**SUPPLIED MATERIAL:**
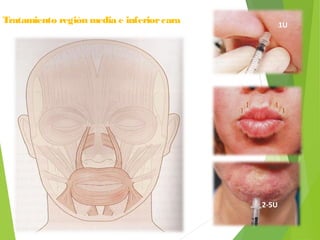 Tratamiento región media e inferiorcara
2-5U
1U
 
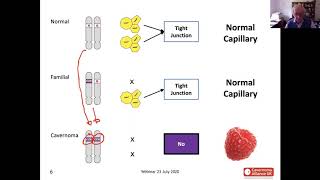 An Introduction to Cavernoma Genetics with David White Science of Cavernoma Series [upl. by Blasien194]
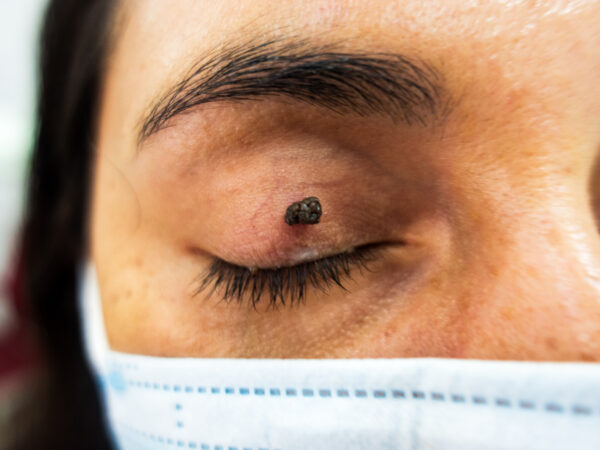 Lesión cutánea de la cara y cuello. SIN BIOPSIA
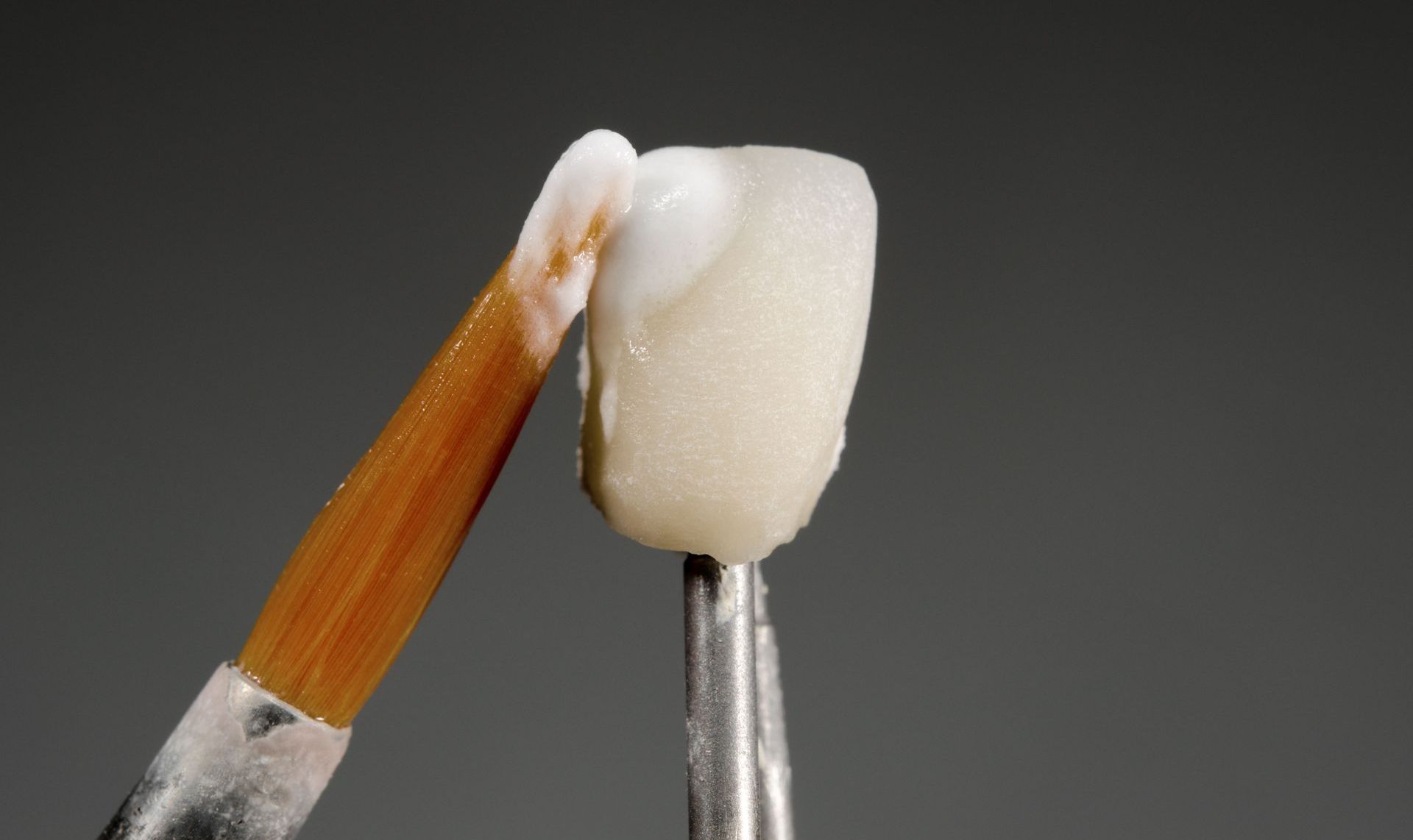 Dental Veneers
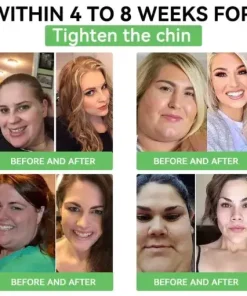 𝐁𝐞𝐫𝒃𝒆𝒓𝒊𝒏𝒆 𝑾𝒆𝒊𝒈𝒉𝒕 𝑳𝒐𝒔𝒔 𝑶𝒓𝒂𝒍 𝑺𝒐𝒍𝒖𝒕𝒊𝒐𝒏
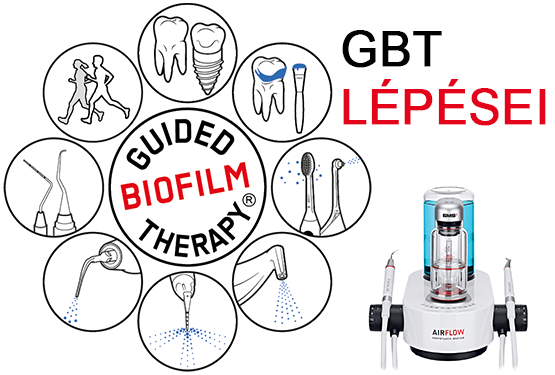 Mindent az Irányított Biofilm Terápiáról, a GBT-ről! II. rész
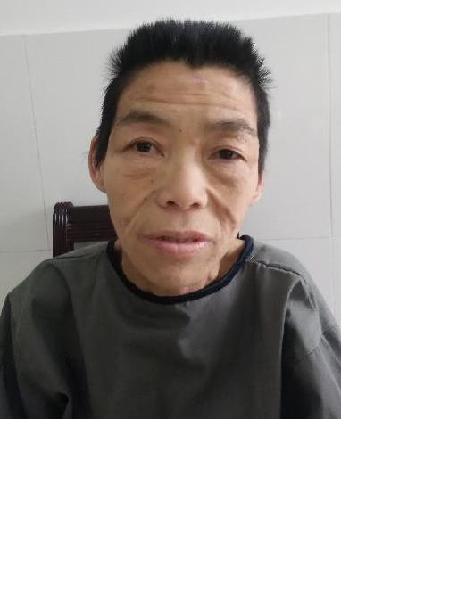 流浪人员无名氏01（龚田镇）照片，让爱回家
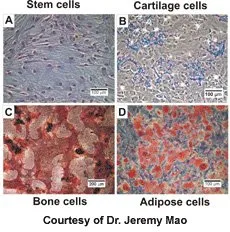 Stem cells, cartilage cells, bone cells and adipose cells under a microscope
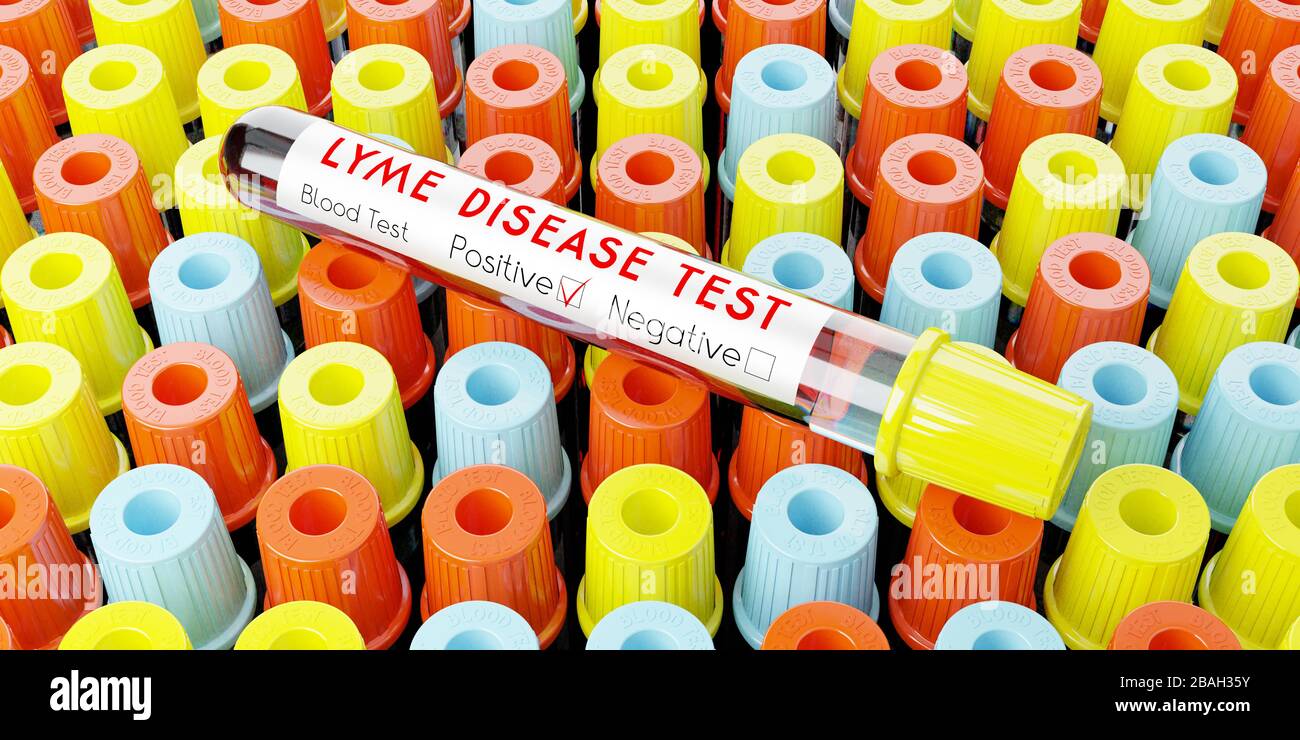 Lyme disease virus test tubes, blood tests 3D illustration Stock Photo Alamy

**PROBLEM REQUIREMENTS:**
Give the entries above again exactly, minus their pictures.

**SOLVED EXERCISE:**
 Tratamiento región media e inferiorcara
2-5U
1U
 
 An Introduction to Cavernoma Genetics with David White Science of Cavernoma Series [upl. by Blasien194]
 Lesión cutánea de la cara y cuello. SIN BIOPSIA
 Dental Veneers
 𝐁𝐞𝐫𝒃𝒆𝒓𝒊𝒏𝒆 𝑾𝒆𝒊𝒈𝒉𝒕 𝑳𝒐𝒔𝒔 𝑶𝒓𝒂𝒍 𝑺𝒐𝒍𝒖𝒕𝒊𝒐𝒏
 Mindent az Irányított Biofilm Terápiáról, a GBT-ről! II. rész
 流浪人员无名氏01（龚田镇）照片，让爱回家
 Stem cells, cartilage cells, bone cells and adipose cells under a microscope
 Lyme disease virus test tubes, blood tests 3D illustration Stock Photo Alamy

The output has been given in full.